Una donna vedova che, assistendo la madre in ospedale, legge “Cuccette per signora” di Anita Nair. Sua figlia, Augusta, lungo il suo peregrinare in Amazzonia, legge “Attesa di Dio” di Simone Weil. La prima si trincera tra le montagne fredde del Trentino, la seconda attende il Natale in un clima tropicale fra gli Indios. Le distanze fra le due donne si faranno sempre più incolmabili.

Il film “Un giorno devi andare”, di Giorgio Diritti, si apre su un cielo notturno coperto di nuvole: in alto, la luna si vede solo in parte mentre, in basso, l’immagine di un’ecografia fetale diventa sempre più nitida. Augusta piange, in fuga da un passato e da un figlio che non c’è più e verso risposte a domande che la intrappolano in silenzi e in monologhi interiori.

E’ un viaggio cadenzato da “stazioni” di un passaggio verso cui Augusta si ostina ad andare. Prima lungo le rive del fiume, accompagnando Suor Franca che cerca di evangelizzare gli Indios, poi, da sola, tra le favelas di Manaus, infine di nuovo lungo il corso dell’acqua e della sua solitudine.

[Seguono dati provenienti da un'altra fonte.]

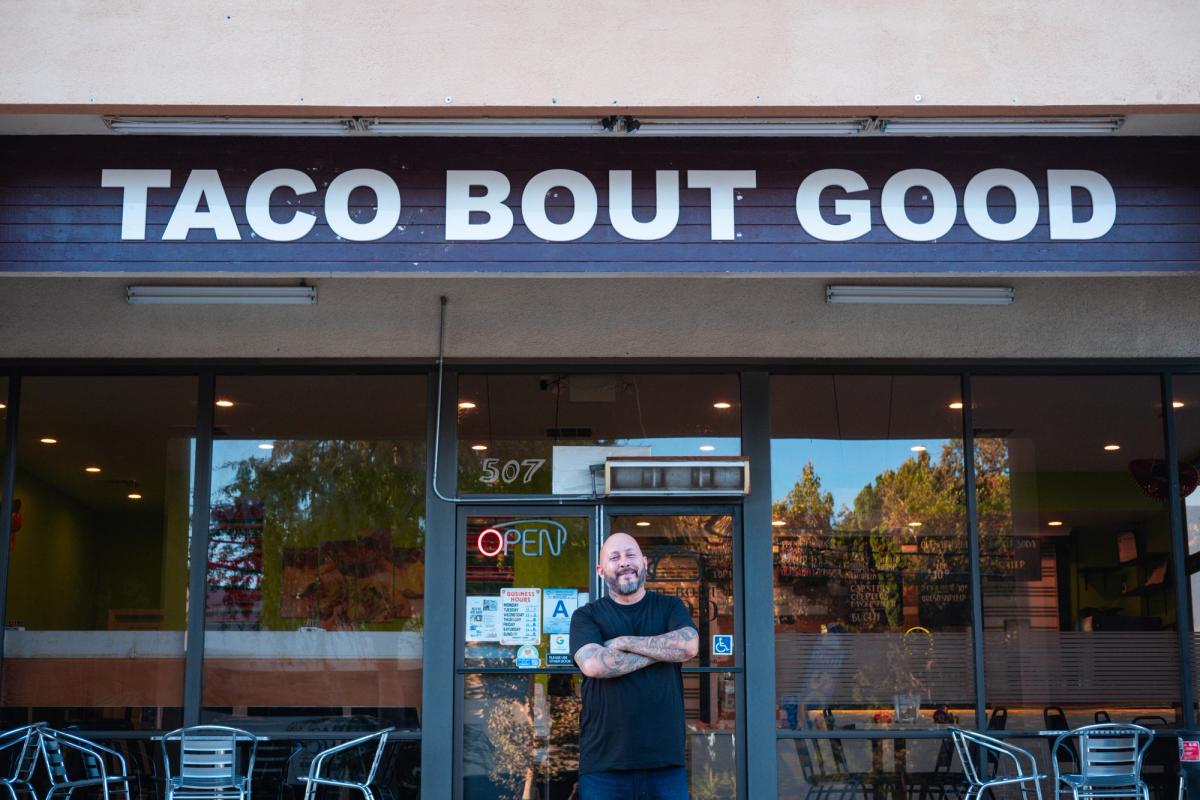 Owner standing with arms crossed in front of the Taco Bout Good storefront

“In fuga dal dolore dove tutto è così più grande di te”, in un paesaggio che stupisce, in cui il fiume sembra grande quanto il mare e tiene in balìa corazze e gusci di esistenza. Augusta, che non comprendeva come mai Suor Franca dovesse imporre agli Indios un Verbo che non capivano, ritornerà “ad essere terra”, fra le palafitte lungo il Rio Negro e, nonostante non possa più essere madre, tenterà di occuparsi di quella comunità, di prendersi cura di quelle vite e di quei posti “che non sono per signore”, come le viene detto in tono di sfida. Le inquadrature cambiano e si avvicinano su di un bacio furtivo, un nuovo sorriso, laddove prima era impensabile anche il solo fingerlo, sui panni altrui dentro cui Augusta cercherà di calarsi, ma la macchina da presa si scontrerà con l’avanzare della cupidigia e delle nefandezze umane. Così Augusta tornerà lungo il fiume, fra piani grandissimi e il fluire delle domande che si faranno eco di ciò che nome non ha. Il paesaggio torna sovrano e la figura della giovane donna sembra stare al suo fianco lambendo le sfumature di dove tutto è più piccolo e incerto.